Choosing What to Test Where#

What You Want to Verify Test Level Tool Cost
Valid HCL syntax Static terraform validate Free, instant
Provider-specific config errors Static tflint Free, instant
Security misconfigurations Static checkov Free, instant
Required tags present Plan-based conftest Free, 1-3 min
No open security groups Plan-based conftest Free, 1-3 min
No accidental destroys Plan-based conftest Free, 1-3 min
Monthly cost within budget Plan-based infracost Free tier, 1-2 min
Resources actually work Integration terratest Cloud costs, 10-30 min
Cross-resource connectivity Integration terratest Cloud costs, 10-30 min
Module output contracts Integration terratest Cloud costs, 10-30 min

The 80/20 rule: Static analysis and plan-based testing catch 80% of issues at 1% of the cost. Integration testing catches the remaining 20% at 99% of the cost. Invest heavily in levels 1-3 before spending on level 4.

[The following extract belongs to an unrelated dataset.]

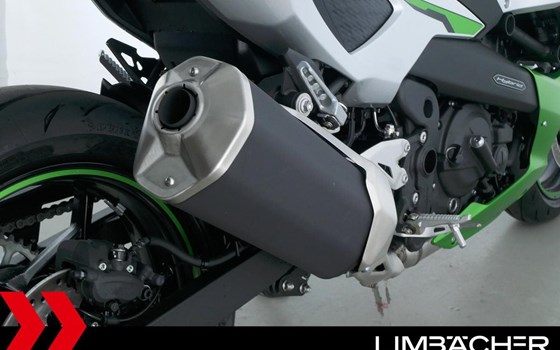 Gebrauchtmotorrad Kawasaki Ninja 7 Hybrid - Bild 16
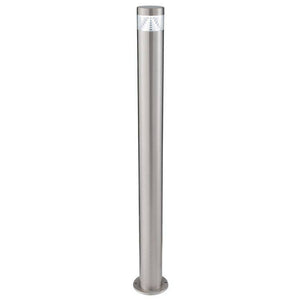 Searchlight Stainless Steel 30 Outdoor Post Light Diffuser - Comet Lighting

The Agent Testing Workflow#

When an agent writes or modifies Terraform:

1. Write the changes
2. Run: terraform fmt (fix formatting)
3. Run: terraform validate (catch syntax errors)
4. Run: tflint (catch provider-specific issues)
5. Run: checkov (catch security issues)
   ─── Fix any errors found in steps 2-5 ───
6. Run: terraform plan -out=tfplan
7. Run: conftest test (policy checks on plan)
8. Run: infracost breakdown (cost estimate)
9. Present plan summary + cost estimate to human
10. WAIT for approval
11. On approval: terraform apply tfplan

Steps 2-5 are automated and self-correcting — the agent fixes issues it finds. Steps 6-8 produce information for the human. Step 9 is the safety gate. Steps 2-8 together take 2-5 minutes and catch the vast majority of issues before a human ever sees the plan.